My second joyful excitement is that I have purchased a new camera.  My Olympus Evolt DSLR has been my trusty camera for years.  Like over 10 years and we have taken thousands of pictures together.  The flash had long stopped working but I soldiered on with it, coming up with creative ways to take pictures inside with poor light.  It still worked great outside.  Well, now its eyes have stopped focusing and that is quite a lot harder to work around as it has an auto focus that just got stuck going in and out and never taking the picture despite my firm repeated pressing of the button.  This prevaricating wears out the battery very quickly.  So it is time…  We ordered a Cannon Rebel T6 with a bunch of toys and it just arrived today!  Since it also takes video, we might be putting up more content for my Youtube channel now too.
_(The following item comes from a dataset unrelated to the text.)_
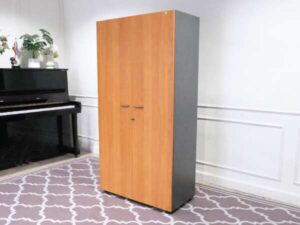Tall file cabinet with 2 doors, Rockworth brand.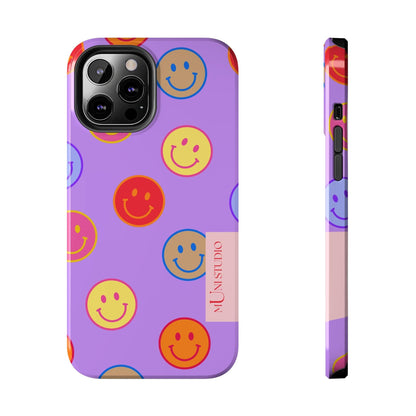 Muni Studio Phone Case iPhone 12 Pro Max LAVENDER SMILEY, Tough Phone Case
The view out my window while sitting on the couch coughing.
This past Thursday (after 15 days of feeling dreadful) was the first day I felt like trying to do anything because I wanted to rather than had to.  I sat down at the kitchen table with all my notes, several clipboards, my big calendar, my weekly planner and began to detail all my schedules.   You know when you have things flying around in your brain that need to be done but you don’t have time or can’t get to it and it causes anxiety?  I had that multiplied by about six.  It took me two and a half hours to get my life back under control and my lists all organized.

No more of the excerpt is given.